Gioia (Djordjevic) è una rom diciottenne e vive con la famiglia in una casa popolare a Falchera nella periferia di Torino; il padre Armando ( Blazevic) cerca di combinarle un matrimonio (pe la comunità rom lei è già troppo grande per non essere sposata) ma lei non vuole accettare il destino che la famiglia vorrebbe imporle e rifiuta tutti gli aspiranti fidanzati. Gioia ha un’amica gagè (non-rom), Morena (Sara Savoca) con la quale fa provini e piccole comparsate e sogna di entrare nel mondo del cinema; Morena è innamorata di Alessandro (Bocci), un meccanico trentenne che ha molto viaggiato. Venuta a sapere che Alessandro conosce un regista, lei sabota il furgoncino del padre per incontrare il meccanico ed ottenere un appuntamento con il cineasta Enrico (Gandini), che è un documentarista sfigato ma grazie a lui, Gioia fa qualche lavoretto di set e, soprattutto,  vede Manhattan di Woody Allen e decide che farà la regista come lui e che lo incontrerà. Sua madre Veronica (Pavlovic) la pensa come il marito ma lo convince, anziché cercare di  combinare un matrimonio secondo tradizione, di farla corteggiare dal prossimo candidato come “fanno i gagè”. La scelta cade su Elvis (Simone Coppo), anche lui incompreso dalla famiglia perché vuole fare il musicista e suona con ragazzi non rom. Il primo incontro tra i due non funziona – Gioia si è un po’ innamorata di Alessandro – ma un giorno in cui i due sono ad un matrimonio Elvis la aiuta a scappare (lei ha il suo primo impegno come aiuto–regista di Enrico)  Saputo che Woody Allen è a Roma, lei si fa dare un passaggio da una automobilista (Lorenza Indovina) che la riempie di luoghi comuni sugli “zingari”. Arriva a Roma giusto in tempo per intravedere Allen che si allontana in una macchina. Tornata a casa, trova la famiglia arrabbiata ma, anche grazie alla nonna (Zema Amidovic), tradizionalissima ma intelligente e sensibile, i suoi le lasceranno seguire la sua vocazione.

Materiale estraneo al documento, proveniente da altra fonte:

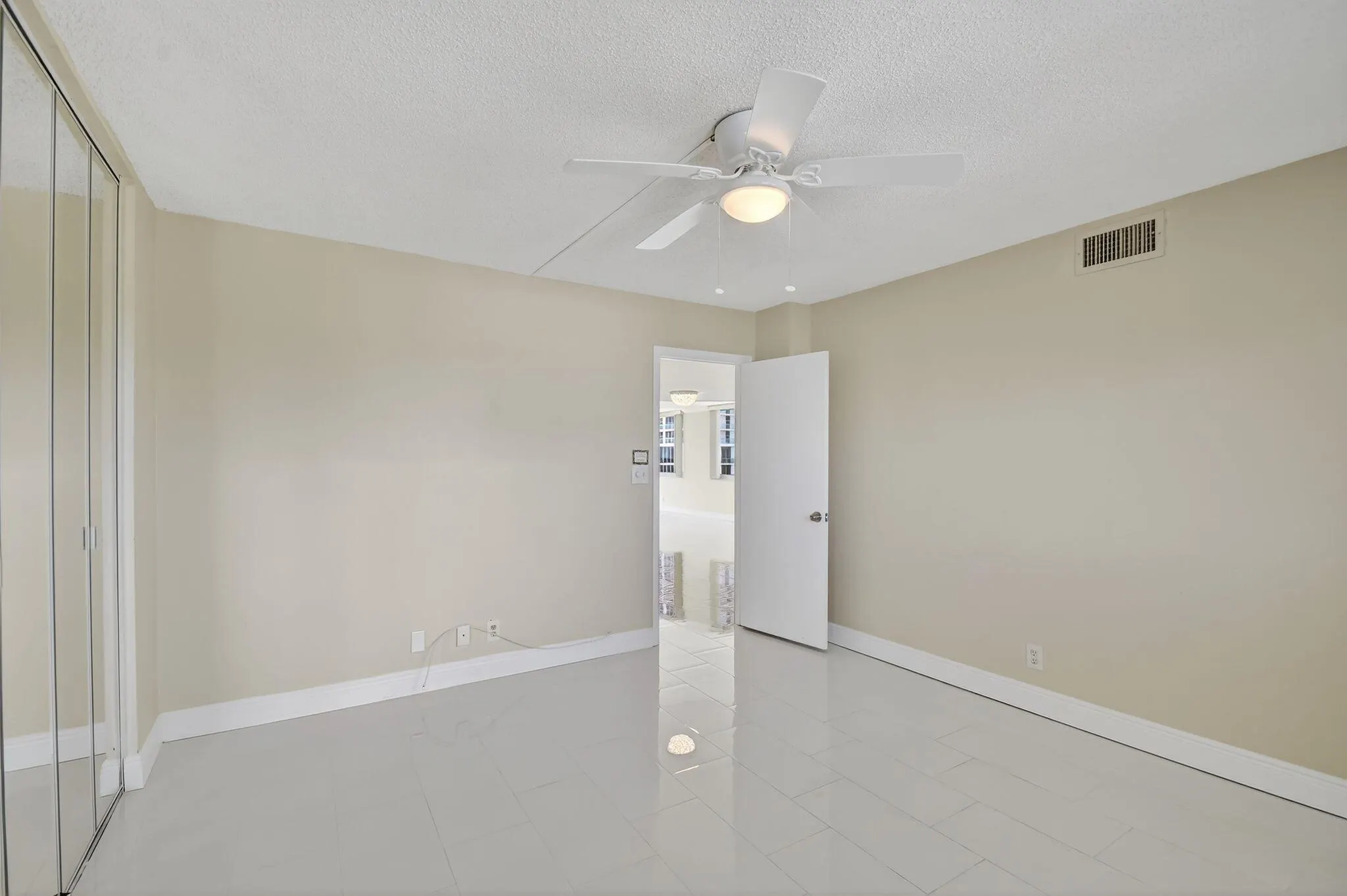 301 Lake Shore Drive, #711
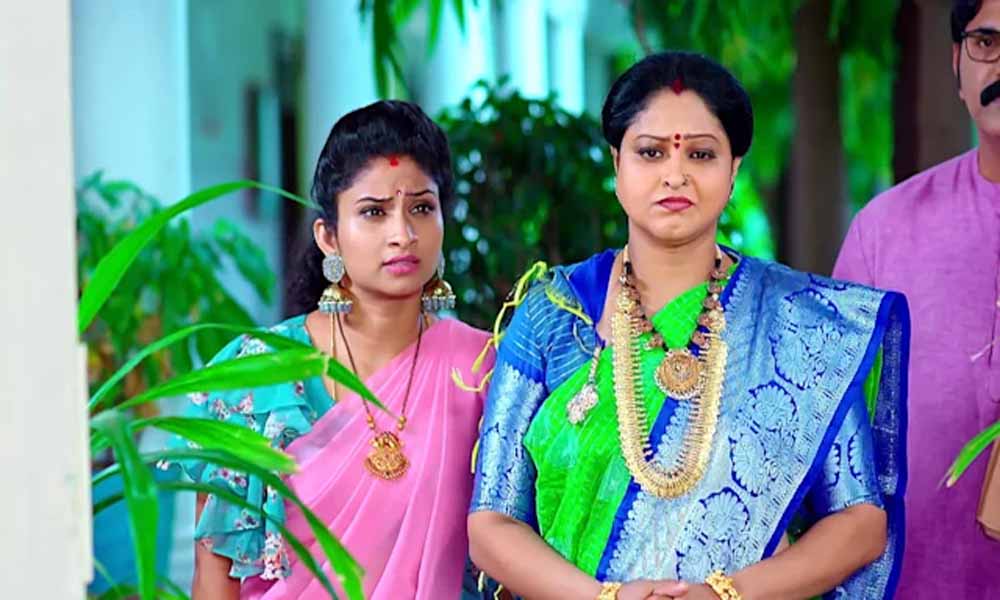 మల్లికకు షాక్ ఇచ్చిన జ్ఞానంబ…. మాటలతో జ్ఞానాంబ పరువు తీసిన సునంద!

La Hailovic è una giovane cineasta di origine bosniaca e racconta, quasi fedelmente, la propria storia, come già aveva fatto nel documentario Io, la mia famiglia rom e Woody Allen;per questo suoprimo lungometraggio si è fatta aiutare da due sceneggiatrici di livello, Silvia Ranfagni e Velia Santella, ed ha messo insieme un film di grande piacevolezza, anche grazie alla giovanissima e credibilissima protagonista – ma la parte rom del cast, a partire dalla nonna, è perfetta, assai più efficace degli attori professionisti che vi partecipano. Insomma, una piccola, gradevole sorpresa, nella falsariga anglosassone di East is East e di Sognando Bekham, all’interno della  quasi generale desolazione della programmazione estiva di film italiani.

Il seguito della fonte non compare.